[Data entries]
++++++++++++++++++++
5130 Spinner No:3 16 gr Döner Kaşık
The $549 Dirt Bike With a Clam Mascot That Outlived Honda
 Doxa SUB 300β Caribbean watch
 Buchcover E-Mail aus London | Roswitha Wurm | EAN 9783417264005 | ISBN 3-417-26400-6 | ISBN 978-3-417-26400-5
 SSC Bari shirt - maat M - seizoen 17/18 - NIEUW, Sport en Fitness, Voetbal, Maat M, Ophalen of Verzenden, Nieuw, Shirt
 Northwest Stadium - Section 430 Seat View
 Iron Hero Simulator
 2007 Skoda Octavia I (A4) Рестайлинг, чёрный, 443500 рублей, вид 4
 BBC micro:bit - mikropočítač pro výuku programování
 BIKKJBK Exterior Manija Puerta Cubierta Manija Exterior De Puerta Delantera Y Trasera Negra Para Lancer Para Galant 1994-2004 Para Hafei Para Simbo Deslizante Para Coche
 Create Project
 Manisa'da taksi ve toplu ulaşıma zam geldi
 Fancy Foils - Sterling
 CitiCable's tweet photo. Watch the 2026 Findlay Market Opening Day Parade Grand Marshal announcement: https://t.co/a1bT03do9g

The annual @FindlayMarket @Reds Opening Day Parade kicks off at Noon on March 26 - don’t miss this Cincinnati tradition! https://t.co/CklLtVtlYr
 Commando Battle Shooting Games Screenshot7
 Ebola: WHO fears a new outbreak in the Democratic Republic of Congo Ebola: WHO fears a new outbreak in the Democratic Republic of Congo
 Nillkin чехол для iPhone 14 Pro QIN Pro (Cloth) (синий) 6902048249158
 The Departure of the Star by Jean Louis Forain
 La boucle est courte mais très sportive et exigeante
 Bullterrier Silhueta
++++++++++++++++++++
Required action =
Every line above with the string "Opening" in it needs to be copied.

Response below =
 CitiCable's tweet photo. Watch the 2026 Findlay Market Opening Day Parade Grand Marshal announcement: https://t.co/a1bT03do9g
The annual @FindlayMarket @Reds Opening Day Parade kicks off at Noon on March 26 - don’t miss this Cincinnati tradition! https://t.co/CklLtVtlYr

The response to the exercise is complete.